BTW - hopefully you haven't used brake fluid in the circuit. It is only spec'd for use with mineral fluid (sold by Magura..) Brake fluid will probably destroy the seals in the system.

That's what I'm thinking. Such a pricey part, too bad there's not a reliable test. And, at less than 9K miles. I pulled the slave again just to be sure and it looked fine. The lady at west Valley Cycles suggested a new clutch line but that seems an unlikely culprit. I'll probably trailer it to a pro (Lior) on Monday. I hoping to do a long, possibly overnight ride next week end (my first). I can understand a comment I heard a long time ago made by the winner of one of the first California lotteries. The press asked how it felt to be a millionaire. His reply was "It doesn't do you much good if your bike is in the shop"........
 
That's what I'm thinking. Such a pricey part, too bad there's not a reliable test. And, at less than 9K miles. I pulled the slave again just to be sure and it looked fine. The lady at west Valley Cycles suggested a new clutch line but that seems an unlikely culprit. I'll probably trailer it to a pro (Lior) on Monday. I hoping to do a long, possibly overnight ride next week end (my first). I can understand a comment I heard a long time ago made by the winner of one of the first California lotteries. The press asked how it felt to be a millionaire. His reply was "It doesn't do you much good if your bike is in the shop"........

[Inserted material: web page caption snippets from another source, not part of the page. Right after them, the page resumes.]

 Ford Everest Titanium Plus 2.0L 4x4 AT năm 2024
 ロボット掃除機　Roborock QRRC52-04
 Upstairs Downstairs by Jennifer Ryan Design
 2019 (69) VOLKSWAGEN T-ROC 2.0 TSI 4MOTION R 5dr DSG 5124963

Got a replacement clutch master cylinder installed today and that fixed the problem. Got it at Lior's Moto Ride in Corona, Ca. Excellent mechanic and hell of a nice guy.
 
All this is why I prefer a cable operated clutch. 170,000+ trouble free clutch operation miles on my RS with a cable operated clutch. Simple. Direct. No seals. Good feel. VERY easy to service. When the cable does anything wierd you feel it directly.

Makes me wonder about my next project bike, a 2007 R1200RT rebuild.

Too bad there isn't a clutch cable conversion kit for the newer R's.